Santos: Telesforo, papa; Juan Neumann, Eufrasio, obispo; Teodoro, Onulfo, Onoberto, confesores; Simeón estilita, anacoreta; Amelia, Emiliana, Apolinaria, Sinclética, vírgenes; Amada, abadesa.
El extremo oriental del Mediterráneo está sembrado de anacoretas en el siglo V y VI El más conocido y popular de todos ellos es Simeón, llamado más tarde El Estilita. Nació en Sisán a finales del siglo IV entre los límites de Cilicia y Siria. Tiene cuando niño el común oficio de pastor. Es cristiano y su saber contiene lo poco que pudieron enseñarle sus padres. Una nevada le impide salir con el ganado y es la ocasión que Dios le propone; va a una iglesia ese día y el sacerdote –un anciano santo– está predicando las Bienaventuranzas que él no llega a comprender muy bien; pero pregunta para conocer su camino. Tiene unos catorce años; es buena edad para ser generoso.
Comienza una peregrinación por su vida a la búsqueda cada vez de austeridad más intensa, de penitencia, oración y dedicación a Dios.
En Tedela, hay una colonia de monjes. Allí entra. Le despiden pronto por demasiado penitente al descubrir la cuerda áspera que lleva enterrada en carne cuando intentan limpiar la sangre que mana de la herida; dijeron que podría ser un obstáculo para los jóvenes monjes cuando vieron lo desmesurado de su penitencia.
Ahora, un monte cercano y una cisterna seca son por cinco días el lugar de ayuno y penitencia.
Otro monte cercano al pueblo de Telaniso le brinda ocasión de penitencia en absoluta soledad y sin reservas en el año 412. Ha decidido otra santa locura: pasar la Cuaresma solo a pan y agua y tapiando su puerta con la aprobación de Baso, el sacerdote que dirige también a otros anacoretas.

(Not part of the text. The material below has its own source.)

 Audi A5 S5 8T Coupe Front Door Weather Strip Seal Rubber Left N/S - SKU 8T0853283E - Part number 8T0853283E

Más penitencia cerca de Tedela con la búsqueda tan querida de soledad para la contemplación. Construye un muro, como una cerca que le facilite su clausura. Allí se ata un pie con cadena a una gran roca. Le visita alguna gente que conoce su santa existencia y va a verle Melecio, obispo de Antioquía, que le dice bastarle la inteligencia y que no debe atarse como las irracionales bestias.
Cunde la fama y los visitantes son ya muchos, cada vez más, próximos y de lejanas tierras. También los hay curiosos que disfrutan con el espectáculo extraño de un anacoreta. Le piden consejos, quieren oírle, dirime disputas, hay curaciones y hasta milagros. Le quieren tocar y llevarse un recuerdo como reliquia en vivo del anacoreta. Levanta el muro para aislarse, ya es una torre de diecisiete metros. El resto de su vida –treinta y siete años– los pasó en la columna, al cielo raso, con frío o calor con sol, lluvia o viento. De vivir en la columna le viene el nombre de estilita –columna es «stilos» en griego–. Poco dormía. Comía una vez por semana. Nada en cuaresma. Predica dos veces al día y el resto reza.
Su forma de vida causa estupor y admiración y hay hasta el temor de que no sea cierta. No obstante, es su compañero Teodoreto, con quien vivió como monje y le visitó en su columna, quien nos la cuenta. Tampoco en su tiempo dejó de sentirse su influencia. Obispos y emperadores piden su consejo y las resoluciones del concilio de Calcedonia se adoptan con su aportación. Incluso la herejía arriana fue combatida desde la columna.
Las piedras que sirvieron de base a la columna y los muros semiderruidos del monasterio que se edificó después de su muerte se conservan aún en el lugar solitario que los beduinos llaman hoy Kal’at Simân (castillo de Simeón).
Terminados los mártires ha comenzado una nueva época de testimonio. Los nuevos testigos son ahora los anacoretas. Una forma incomprensible para nuestro tiempo; falta el sincronismo necesario para entenderlo. Pero el conocimiento de Cristo, los millares de gentes convertidas, los pecadores arrepentidos, los animados a ser fieles, los consolados por la penitencia, los motivados a la oración y a la austeridad son un cocktail muy importante para despreciar o juzgar como improcedente esta forma de seguir a Cristo y de testimoniarle ante el mundo por el camino de la penitencia pública e integral.